After a light cleaning by museum conservators, the new painting will go on display in early April and will be shown alongside the Gauguin sculpture depicting a man's head with horns. There is some speculation that the sculpture might even be a self-portrait, as it bears a certain resemblance to the artist. But what intrigues me personally are the parallels between this painting and another sculpture by Gauguin, a darkly colored stoneware portrait of a woman from Martinique which is currently on view at the Getty Villa as part of the exhibition The Color of Life.

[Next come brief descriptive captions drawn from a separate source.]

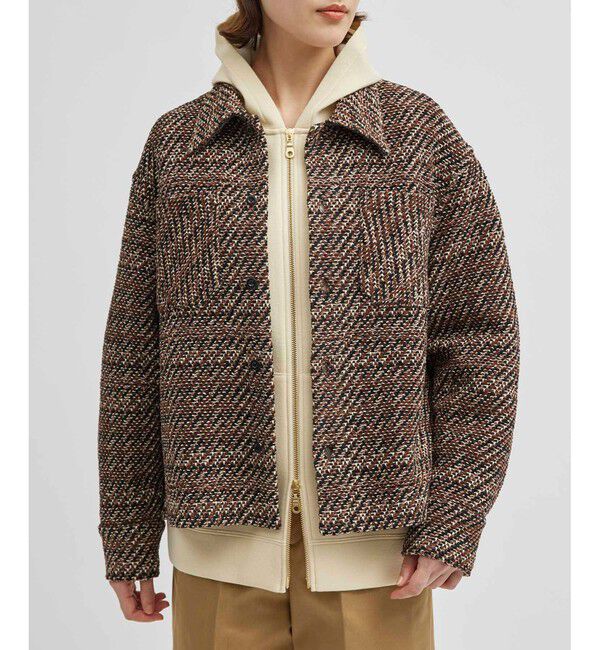 ROPE「【COOHEM】VELVET CHECK TWEED JACKET (コーヘン/ツイードジャケット)」|ブルゾン・スタジャン|
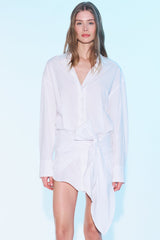 Tyra Tie -Up Mini Dress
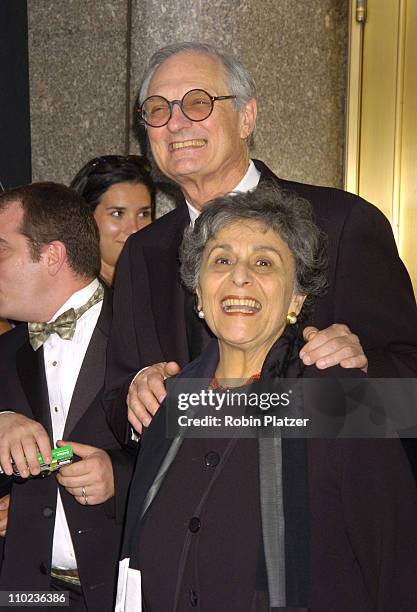 Alan Alda, nominee Best Performance by a Featured Actor in a Play for "Glengarry Glen Ross", and wife Arlene Alda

I wonder, what would it take to move this stoneware sculpture from the Getty Villa in Malibu to the Getty Center in Brentwood? The piece is on loan from the Glyptotek in Copenhagen, and a friendly call to this museum might get permission to extend the loan of the sculpture for another month or two. Just imagine seeing the newly acquired painting exhibited next to not one but two Gauguin sculptures. Surely, it's nearly impossible to cut through all that red tape on such short notice, but why not dream? And, as long as we're dreaming, here is another one...Why not try to organize an exhibition of Gauguin works from various southern California museums such as LACMA, the Hammer, the Norton Simon and the Getty? It would not only be a crowd-pleaser, but it would also show the possibilities for collaboration among local cultural institutions. Meanwhile, I allowed myself the indiscretion of putting the three above-mentioned works by Gauguin together in a virtual exhibition which you can view by visiting the Art Talk page on the KCRW website.
You may remember that a few months ago, another work by Gauguin was in the news, but it was for all the wrong reasons. The ceramic sculpture of a faun belonging to the Chicago Art Institute was discovered to be a fake, manufactured not very long ago by crafty British forgers. Looking at its reproduction, I'm struck by its obvious falseness but, hey, it's easy to be smart in hindsight.
Seventy years ago, everyone in the museum world was duped by the skillful forger Van Meegeren and his supposed discovery of Vermeer paintings. Today, you look at those so-called Vermeers and laugh at the improbability that anyone could be fooled so easily. But that was not the first and I'm sorry to say, not the last time that museum experts will have to eat humble pie.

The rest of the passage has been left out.